Физический процесс роста посредством ассимиляции, -то есть разрушения и переваривания, - легко наблюдать. Пища, которую мы получаем, требует не проглатывания целиком, а пережевывания (что начинает процесс ее разрушения) и переваривания (что продолжает процесс дальнейшего превращения пищи в химические частицы, которые организм может использовать). Физическая пища, хорошо переваренная и ассимилированная, становится частью нас самих, превращается в кости, мышцы и кровь. Но пища, которую мы глотаем целиком, которую мы заталкиваем в себя не потому, что мы ее хотим, а потому что нас заставили ее есть, тяжестью ложится на желудок. Она создает нам неудобства, мы хотели бы выбросить ее из себя, освободиться от нее. Если мы не делаем этого, если мы подавляем свой дискомфорт, свою тошноту и желание избавиться от этой пищи, мы можем в конце концов все же ухитриться ее переварить, - или она нас отравляет.


Психологический процесс ассимиляции в значительной степени похож на физиологический. Понятия, факты, нормы поведения, мораль, этические, эстетические, политические ценности - все это первоначально приходит к нам из внешнего мира. В нашем уме нет ничего, что не пришло бы из среды, но в среде также нет ничего, для чего не существовало бы органической потребности, физической или психологической. Все это должно быть переварено и усвоено, чтобы стать подлинно нашим, частью нашей личности.


Если же мы некритически, целиком принимаем что-то на веру, потому что кто-то так сказал, или потому что это модно, или безопасно, или соответствует традиции, или, наоборот, потому что это не в моде, опасно или революционно, - все это откладывается в нас тяжелым грузом. Это несъедобно, это чужеродные тела, хотя мы и дали им место в своем уме. Такие непереваренные установки, способы действия, чувства, оценки психологически называются интроектами, а механизм, посредством которого эти чуждые образования попадают в личность, мы называем Интроекцией.


Я не хочу сказать, что этот процесс проглатывания целиком не служит иногда полезным целям. Студент, который зубрит целую ночь перед экзаменом, чтобы получить хорошую отметку по предмету, который ему непонятен, имеет вполне оправданные причины для своих действий. Но если он тешит себя мыслью, что действительно чему-то научился посредством такой зубрежки, то через полгода он сможет убедиться, что забыл большую часть того, что "выучил".
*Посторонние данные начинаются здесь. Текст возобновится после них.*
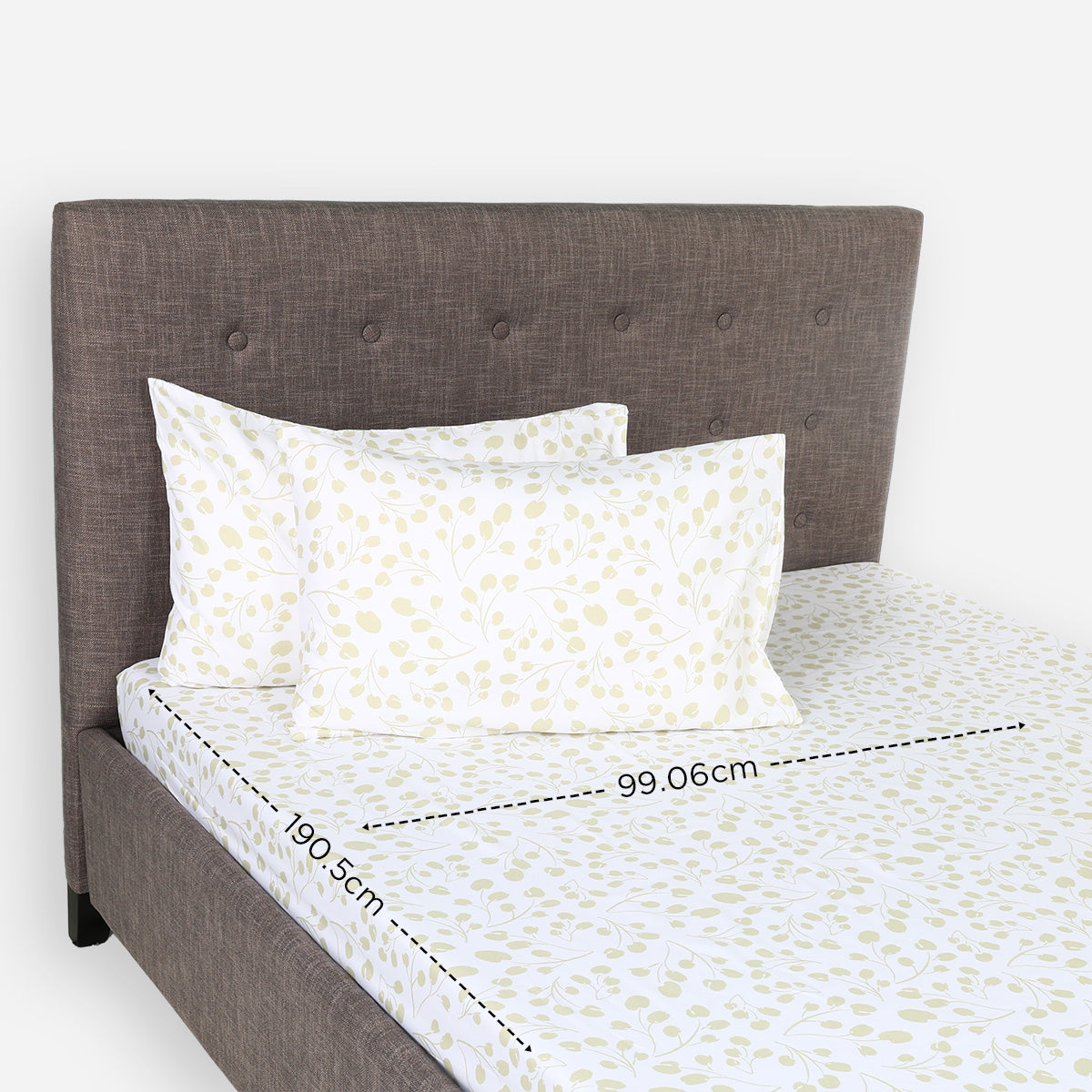 Hosh 3-Piece Deluxe PF8 Bedsheet Set - Twin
Я также не хочу сказать, что человек должен отвергать какую-либо психологическую пищу, которая приходит из внешнего мира. Питаться собой психологически так же невозможно, как физически. Я говорю лишь, что факты и установки, на которых строится наша личность, то есть психологическая пища, которую предлагает нам внешний мир, должна быть точно так же ассимилирована, как наша физическая пища. Она должна быть деструктурирована, проанализирована, разъята, а затем собрана вновь в такой форме, в какой она окажется для нас наиболее ценной. Если она просто проглочена целиком, она ничего не дает для развития нашей личности. Напротив того, она превращает нас во что-то вроде комнаты, настолько заваленной чужими вещами, что в ней не хватает места для наших собственных. Она превращает нас в мусорную корзину, наполненную чуждой и ненужной нам информацией. Самое худшее состоит в том, что этот материал имел бы для нас огромную ценность, если бы мы обдумали его, изменили и трансформировали его в себе.


Таким образом, опасность Интроекции двояка. Во-первых, интроектор упускает возможности развивать собственную личность, поскольку он занят удержанием чуждых элементов в своей системе. Чем больше интроектов он нахватал, тем меньше у него остается возможностей выразить себя или хотя бы обнаружить, что такое он сам. Во-вторых, Интроекция способствует дезинтеграции личности. Интроецировав несовместимые понятия, вы можете обнаружить себя разрываемым на куски при попытке согласовать их. В наше время это встречается довольно часто.


Наше общество, например, с детства учит нас двум совершенно различным и, по-видимому, противоположным установкам. Одна соответствует так называемому "золотому правилу" - делать другим то, что хотелось бы от них получить. Другая - закон выживания наиболее приспособленных, выражаемый пословицей "собака собаку ест". Если мы интроецируем обе эти установки как догмы, мы в конце концов будем пытаться быть одновременно и мягкими, добрыми, нетребовательными, и безудержно агрессивными. Мы будем любить наших соседей, но доверять им только в тех пределах, в каких мы можем с ними справиться. Мы будем являть собой мягкость, но одновременно будем жестокими и садистичными. Каждый, кто интроецирует подобные несовместимые представления, превращает собственную личность в поле их битвы. Невротический конфликт обычно доходит до мертвой точки, когда ни одна из сторон не может победить, и человек не способен ни к какому дальнейшему росту и развитию.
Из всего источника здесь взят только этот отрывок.